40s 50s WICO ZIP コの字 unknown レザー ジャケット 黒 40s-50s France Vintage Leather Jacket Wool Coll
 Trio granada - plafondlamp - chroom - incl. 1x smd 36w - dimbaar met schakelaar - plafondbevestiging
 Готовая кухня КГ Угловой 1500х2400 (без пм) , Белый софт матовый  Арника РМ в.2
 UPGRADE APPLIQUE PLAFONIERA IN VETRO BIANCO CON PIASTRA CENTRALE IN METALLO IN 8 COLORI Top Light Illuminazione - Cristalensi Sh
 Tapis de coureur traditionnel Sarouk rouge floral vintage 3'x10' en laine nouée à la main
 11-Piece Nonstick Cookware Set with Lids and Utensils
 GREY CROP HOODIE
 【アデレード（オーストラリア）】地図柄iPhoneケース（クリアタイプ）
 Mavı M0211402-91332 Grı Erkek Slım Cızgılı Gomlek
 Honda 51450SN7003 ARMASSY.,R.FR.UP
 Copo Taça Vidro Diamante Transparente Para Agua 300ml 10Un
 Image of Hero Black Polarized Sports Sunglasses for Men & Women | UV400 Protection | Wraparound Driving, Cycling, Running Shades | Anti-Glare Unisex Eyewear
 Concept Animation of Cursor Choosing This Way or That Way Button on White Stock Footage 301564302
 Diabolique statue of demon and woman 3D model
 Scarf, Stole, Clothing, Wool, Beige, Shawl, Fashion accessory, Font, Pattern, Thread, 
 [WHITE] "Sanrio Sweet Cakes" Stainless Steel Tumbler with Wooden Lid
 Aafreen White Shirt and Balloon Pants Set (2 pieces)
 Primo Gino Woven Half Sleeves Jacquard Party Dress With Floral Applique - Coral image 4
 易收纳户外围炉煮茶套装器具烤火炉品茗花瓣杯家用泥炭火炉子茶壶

-=-=-

THE TASK: Only the lines from the one with "Diabolique statue of" through the last line above should be restated, word for word.

WRITTEN ANSWER:
 Diabolique statue of demon and woman 3D model
 Scarf, Stole, Clothing, Wool, Beige, Shawl, Fashion accessory, Font, Pattern, Thread, 
 [WHITE] "Sanrio Sweet Cakes" Stainless Steel Tumbler with Wooden Lid
 Aafreen White Shirt and Balloon Pants Set (2 pieces)
 Primo Gino Woven Half Sleeves Jacquard Party Dress With Floral Applique - Coral image 4
 易收纳户外围炉煮茶套装器具烤火炉品茗花瓣杯家用泥炭火炉子茶壶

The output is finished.